“Working software is the primary measure of progress.”
Agile software development projects determine their progress by measuring the amount of working software. The project is estimated 75 percent done when 75 percent of the necessary functionality is actually working.
The progress of an agile project is not measured by the phase the development team is in, neither by the amount of written documentation nor by the volume of created code. The paramount of progress is always the working software.
Permanent attention to technical excellence and a good performance enhances agility. The agile development team has to pay close attention to the technical level of the product, as it constantly evolves. At ThinkMobiles, there is a well-balanced rule that combines “building the right product” and “building the product right.”
Nevertheless, the methodology is always wary of delivering fragile systems. If the implementation of some couple of changes makes the mobile application fall apart, the approach should be modified or changed at all.

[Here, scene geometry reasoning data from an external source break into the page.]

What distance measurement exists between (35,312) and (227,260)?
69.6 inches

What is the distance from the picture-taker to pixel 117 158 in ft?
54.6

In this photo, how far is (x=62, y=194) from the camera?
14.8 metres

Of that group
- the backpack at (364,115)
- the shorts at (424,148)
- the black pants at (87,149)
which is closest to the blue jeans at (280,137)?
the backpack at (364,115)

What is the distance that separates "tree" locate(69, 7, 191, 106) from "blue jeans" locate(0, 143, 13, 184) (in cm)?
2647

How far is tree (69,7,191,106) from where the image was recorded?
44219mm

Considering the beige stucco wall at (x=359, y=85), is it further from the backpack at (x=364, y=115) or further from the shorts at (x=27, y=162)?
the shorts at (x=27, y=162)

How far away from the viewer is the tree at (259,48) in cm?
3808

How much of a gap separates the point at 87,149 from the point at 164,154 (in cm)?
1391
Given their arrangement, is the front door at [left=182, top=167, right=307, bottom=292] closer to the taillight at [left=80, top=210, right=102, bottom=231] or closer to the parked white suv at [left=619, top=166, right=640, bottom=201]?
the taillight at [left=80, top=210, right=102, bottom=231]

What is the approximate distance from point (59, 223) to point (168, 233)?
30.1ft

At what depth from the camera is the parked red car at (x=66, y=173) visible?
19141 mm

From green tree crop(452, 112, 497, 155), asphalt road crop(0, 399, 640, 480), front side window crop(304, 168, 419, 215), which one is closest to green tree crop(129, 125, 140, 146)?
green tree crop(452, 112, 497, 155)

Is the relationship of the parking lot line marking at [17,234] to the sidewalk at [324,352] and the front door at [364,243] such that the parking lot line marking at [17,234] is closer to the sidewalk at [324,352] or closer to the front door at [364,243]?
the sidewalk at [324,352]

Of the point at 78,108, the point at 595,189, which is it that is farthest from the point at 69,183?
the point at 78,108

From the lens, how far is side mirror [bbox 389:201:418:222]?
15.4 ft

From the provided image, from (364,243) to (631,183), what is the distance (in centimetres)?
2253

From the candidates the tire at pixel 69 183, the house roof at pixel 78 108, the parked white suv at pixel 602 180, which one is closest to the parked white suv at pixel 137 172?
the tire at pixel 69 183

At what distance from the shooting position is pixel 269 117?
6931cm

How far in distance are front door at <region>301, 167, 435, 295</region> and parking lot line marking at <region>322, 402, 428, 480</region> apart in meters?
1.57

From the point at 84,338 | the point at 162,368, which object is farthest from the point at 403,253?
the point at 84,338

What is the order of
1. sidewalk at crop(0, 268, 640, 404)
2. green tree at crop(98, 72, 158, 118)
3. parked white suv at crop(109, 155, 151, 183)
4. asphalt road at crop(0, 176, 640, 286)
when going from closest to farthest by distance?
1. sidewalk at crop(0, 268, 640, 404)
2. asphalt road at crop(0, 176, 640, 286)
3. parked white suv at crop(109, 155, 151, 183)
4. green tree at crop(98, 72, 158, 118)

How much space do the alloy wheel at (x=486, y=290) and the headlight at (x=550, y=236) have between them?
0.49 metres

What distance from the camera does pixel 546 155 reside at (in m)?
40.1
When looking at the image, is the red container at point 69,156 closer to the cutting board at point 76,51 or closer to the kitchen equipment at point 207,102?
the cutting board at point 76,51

The test-driven development and automated builds are the way to avoid fragile solutions. When there is a set of unit tests, developers can see problems every time the build runs.

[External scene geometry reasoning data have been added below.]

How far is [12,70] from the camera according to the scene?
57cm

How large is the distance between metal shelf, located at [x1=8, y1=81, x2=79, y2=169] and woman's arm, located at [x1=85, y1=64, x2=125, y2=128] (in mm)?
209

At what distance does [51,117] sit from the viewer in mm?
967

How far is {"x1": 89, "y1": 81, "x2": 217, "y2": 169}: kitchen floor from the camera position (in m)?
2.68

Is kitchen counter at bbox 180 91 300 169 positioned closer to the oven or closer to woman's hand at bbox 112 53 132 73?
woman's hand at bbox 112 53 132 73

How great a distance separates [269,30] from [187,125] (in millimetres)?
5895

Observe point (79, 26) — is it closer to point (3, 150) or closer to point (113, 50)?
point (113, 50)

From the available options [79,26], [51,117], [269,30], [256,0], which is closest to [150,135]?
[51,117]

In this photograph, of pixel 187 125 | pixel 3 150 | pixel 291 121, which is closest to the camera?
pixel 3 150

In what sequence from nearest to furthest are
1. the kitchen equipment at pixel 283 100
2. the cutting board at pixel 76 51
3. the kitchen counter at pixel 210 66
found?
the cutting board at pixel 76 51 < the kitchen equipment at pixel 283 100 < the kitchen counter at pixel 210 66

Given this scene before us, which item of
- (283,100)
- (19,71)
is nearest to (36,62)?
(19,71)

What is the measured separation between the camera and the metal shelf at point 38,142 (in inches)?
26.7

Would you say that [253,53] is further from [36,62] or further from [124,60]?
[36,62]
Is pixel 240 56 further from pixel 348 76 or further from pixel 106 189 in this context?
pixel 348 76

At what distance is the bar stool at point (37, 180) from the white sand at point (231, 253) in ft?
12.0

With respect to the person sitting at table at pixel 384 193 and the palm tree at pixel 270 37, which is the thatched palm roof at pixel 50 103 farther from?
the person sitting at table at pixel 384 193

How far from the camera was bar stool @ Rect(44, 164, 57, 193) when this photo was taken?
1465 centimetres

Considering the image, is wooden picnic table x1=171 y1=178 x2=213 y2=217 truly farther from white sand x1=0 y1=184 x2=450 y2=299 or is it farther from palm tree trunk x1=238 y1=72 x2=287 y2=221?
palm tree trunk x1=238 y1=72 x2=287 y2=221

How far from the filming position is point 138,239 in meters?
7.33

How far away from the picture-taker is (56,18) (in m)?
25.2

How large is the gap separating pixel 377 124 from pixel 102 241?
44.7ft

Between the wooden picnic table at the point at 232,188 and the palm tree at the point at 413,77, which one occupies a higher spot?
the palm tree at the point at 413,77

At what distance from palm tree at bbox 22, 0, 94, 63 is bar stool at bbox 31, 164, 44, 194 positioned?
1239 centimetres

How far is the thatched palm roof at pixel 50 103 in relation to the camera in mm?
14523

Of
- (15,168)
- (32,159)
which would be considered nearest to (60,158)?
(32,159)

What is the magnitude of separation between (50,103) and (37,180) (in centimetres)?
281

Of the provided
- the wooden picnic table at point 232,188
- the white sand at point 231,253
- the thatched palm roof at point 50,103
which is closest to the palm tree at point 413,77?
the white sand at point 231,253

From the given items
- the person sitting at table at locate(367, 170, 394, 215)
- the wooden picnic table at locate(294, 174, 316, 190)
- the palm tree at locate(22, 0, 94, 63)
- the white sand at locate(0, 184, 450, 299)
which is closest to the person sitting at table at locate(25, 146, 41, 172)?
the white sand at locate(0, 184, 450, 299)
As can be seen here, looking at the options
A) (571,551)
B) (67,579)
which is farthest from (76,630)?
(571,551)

It is all about balance: the higher a code coverage is + the closer a project is to continuous integration = the better solution will be.
It is all about balance:
the higher a code coverage is + the closer a project is to continuous integration = the better solution will be.
But how should we measure the progress in agile projects?

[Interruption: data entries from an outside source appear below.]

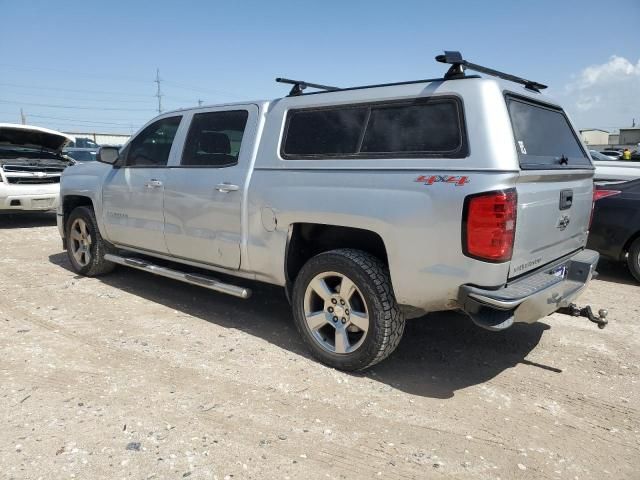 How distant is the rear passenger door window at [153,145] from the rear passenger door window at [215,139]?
0.31m

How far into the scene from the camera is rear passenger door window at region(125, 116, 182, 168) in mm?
4859

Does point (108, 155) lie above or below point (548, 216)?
above

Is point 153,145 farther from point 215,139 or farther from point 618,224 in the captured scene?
point 618,224

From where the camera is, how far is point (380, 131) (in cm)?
338

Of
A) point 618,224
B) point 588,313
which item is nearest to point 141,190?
point 588,313

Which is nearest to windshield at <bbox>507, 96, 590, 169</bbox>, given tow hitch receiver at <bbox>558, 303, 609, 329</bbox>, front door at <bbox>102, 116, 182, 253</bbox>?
tow hitch receiver at <bbox>558, 303, 609, 329</bbox>

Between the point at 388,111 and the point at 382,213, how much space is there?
72 cm

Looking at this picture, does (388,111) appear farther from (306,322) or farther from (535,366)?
(535,366)

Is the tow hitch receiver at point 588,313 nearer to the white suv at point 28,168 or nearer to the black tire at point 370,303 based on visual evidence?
the black tire at point 370,303

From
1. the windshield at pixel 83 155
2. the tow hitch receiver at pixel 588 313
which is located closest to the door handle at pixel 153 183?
the tow hitch receiver at pixel 588 313

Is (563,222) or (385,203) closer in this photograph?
(385,203)

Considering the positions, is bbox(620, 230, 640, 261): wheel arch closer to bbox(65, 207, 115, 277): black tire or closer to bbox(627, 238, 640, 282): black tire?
bbox(627, 238, 640, 282): black tire

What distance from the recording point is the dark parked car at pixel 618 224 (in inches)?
238

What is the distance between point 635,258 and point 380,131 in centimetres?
444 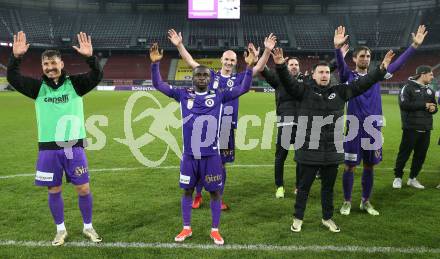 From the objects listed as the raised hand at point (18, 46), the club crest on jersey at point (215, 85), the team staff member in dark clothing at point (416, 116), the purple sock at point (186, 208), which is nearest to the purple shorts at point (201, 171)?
the purple sock at point (186, 208)

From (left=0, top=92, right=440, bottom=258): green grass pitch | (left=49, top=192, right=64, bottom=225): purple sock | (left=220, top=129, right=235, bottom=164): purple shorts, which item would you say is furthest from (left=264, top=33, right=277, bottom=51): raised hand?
(left=49, top=192, right=64, bottom=225): purple sock

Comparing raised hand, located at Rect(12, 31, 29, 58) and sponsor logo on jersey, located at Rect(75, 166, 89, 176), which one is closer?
raised hand, located at Rect(12, 31, 29, 58)

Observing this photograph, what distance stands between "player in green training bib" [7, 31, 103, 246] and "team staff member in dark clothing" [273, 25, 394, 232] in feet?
8.65

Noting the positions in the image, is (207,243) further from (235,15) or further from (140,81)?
(235,15)

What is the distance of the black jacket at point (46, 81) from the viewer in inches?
194

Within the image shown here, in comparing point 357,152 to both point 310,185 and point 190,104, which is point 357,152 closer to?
point 310,185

It is important to understand that there is a big difference between indeed “working software” (for the end-user) and “according to specs” (which are not always what an end-user needs). In the great number of traditional (not Agile) projects, the development teams spend the immense amount of time on details that have actually no value to the end-users.
…and they do it only because it’s stated in the specifications.
During the Agile development process, developers and customers/users work together on a daily basis, agree on the functionality, and make decisions profitable and efficient to the users and project in general. All together they determine the point when the relevant “working software” is delivered and accepted.
The fundamental determination of progress lays in measuring things on a piecemeal basis – only things that are completed. Software development is considered to be finished only when it is successfully tested, delivered and accepted by the end-user.